Mixing `step_by` with `peekable` on iterators

I want to iterate over a string by two characters, in other words on each iteration I want to consume two characters from string. I tried to use step_by and peekable over chars() method but I did not success. What is the best method for consuming two chars on each iteration over a string?

The itertools crate has several useful methods for this, such as Itertools::tuples. Example:

use itertools::Itertools;

fn main() {
    for (a, b) in "Hello world!".chars().tuples() {
        println!("{} {}", a, b);
    }
}

(Playground)

1 Like

You can also implement this fairly easily without a dependency and without confining the iterator item to tuples of any maximum length, by writing an iterator that is generic over arrays instead: Playground.
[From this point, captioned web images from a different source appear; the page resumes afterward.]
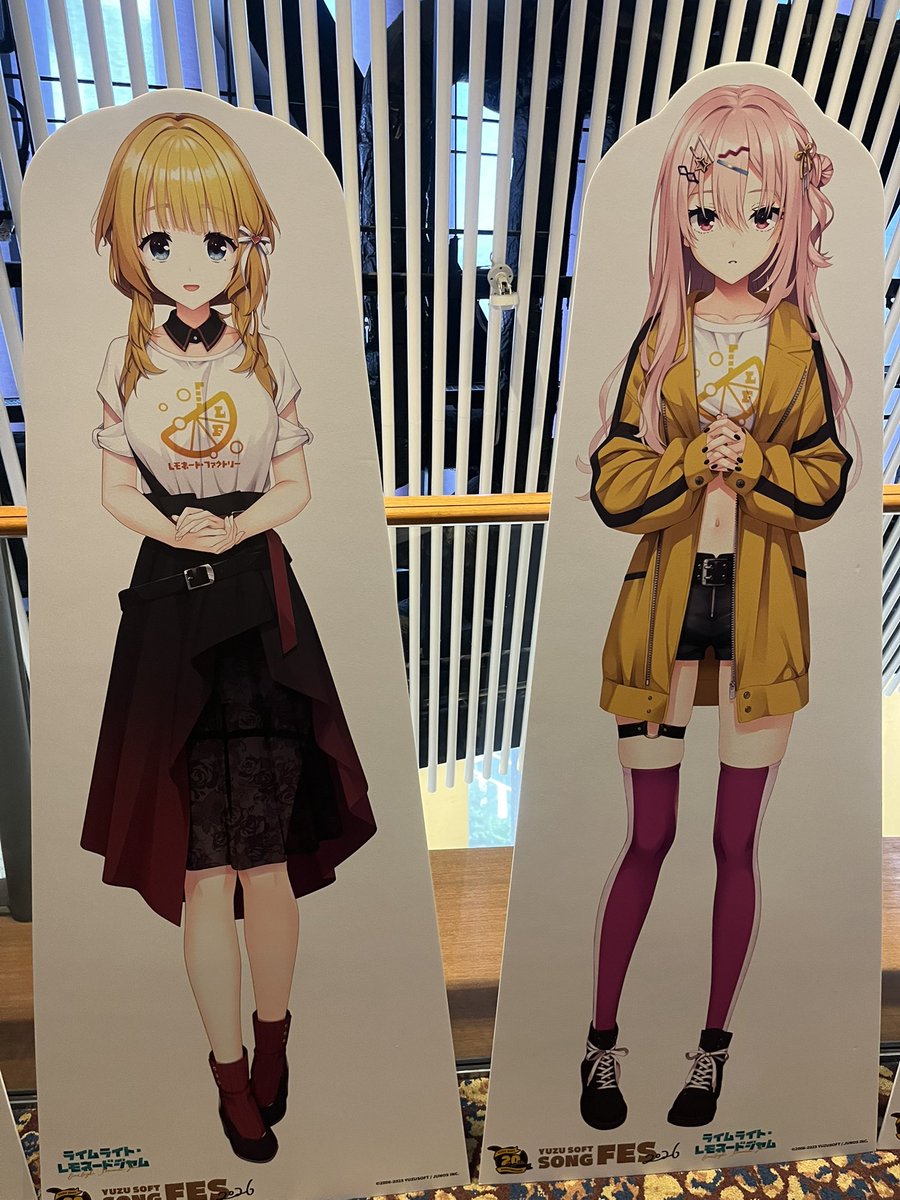 hiros0930's tweet photo. ゆずソフトソングフェス2026
神戸公演お疲れ様でした！！

すげぇ…すげぇよ…ゆずソフト…

過去最大級のサプライズの連続
5時間半のライブだったけど
本当に本当に最高でした…！！

東京公演2daysも参加します👍
体力つけなきゃ置いてかれるぜ

#ゆずソフトSONGFES2026
#ゆずソフトソングフェス2026 https://t.co/9HCIh1V3DS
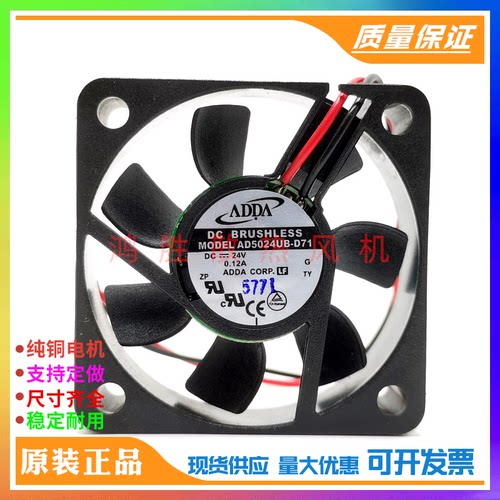 全新原装ADDA AD5024UB-D71 24V 0.12A 5015 5CM机箱静音散热风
fn by_chars<'a, T>(s: &'a str) -> impl Iterator<Item=T> + 'a
    where
        T: Default + 'a,
        for<'b> &'b mut T: IntoIterator<Item=&'b mut char>
{
    struct NChars<'c, U> {
        inner: std::str::Chars<'c>,
        _phantom: std::marker::PhantomData<U>
    }
    
    impl<'c, U> Iterator for NChars<'c, U>
        where
            U: Default + 'c,
            for<'d> &'d mut U: IntoIterator<Item=&'d mut char>
    {
        type Item = U;
        
        fn next(&mut self) -> Option<Self::Item> {
            let mut item = U::default();
            
            for ptr in &mut item {
                *ptr = self.inner.next()?;
            }
            
            Some(item)
        }
    }
    
    NChars {
        inner: s.chars(),
        _phantom: std::marker::PhantomData,
    }
}

fn main() {
    for chunk in by_chars::<[char; 2]>("Hello World!") {
        println!("{} {}", chunk[0], chunk[1]);
    }
}

You can also adjust this so that it returns a subslice into the strings instead of an array of char, like this:

/// `n: NonZeroUsize` because one can't iterate by 0 chars
fn by_chars(s: &str, n: NonZeroUsize) -> impl Iterator<Item=&str> {
    struct NChars<'c> {
        inner: std::str::Chars<'c>,
        n: usize,
    }
    
    impl<'c> Iterator for NChars<'c> {
        type Item = &'c str;
        
        fn next(&mut self) -> Option<Self::Item> {
            let string = self.inner.as_str();
            let len = self.inner.by_ref().take(self.n).map(char::len_utf8).sum();

            if len > 0 {
                Some(&string[..len])
            } else {
                None
            }
        }
    }
    
    NChars {
        inner: s.chars(),
        n: n.into(),
    }
}

Incidentally, what are you using this for? Remember that char does not correspond to a human-readable character; it's a Unicode code point instead. If you want to iterate human-readable "characters", you'd have to use something like str::grapheme_clusters() from the unicode_segmentation crate, and a very slight variation on the above piece of code.

5 Likes

Perhaps a combination of windows and step_by:

let iter = slice.windows(2).step_by(2);

...even better from @cuviper: slice.chunks_exact(2).

Playground

1 Like

If the window and step size are the same, you can use chunks_exact(2).
(Assuming you have a slice, but I think the OP does not.)

2 Likes

Even better.

It's possible the conversion to slice is an issue. But it did seem like something to consider anyway.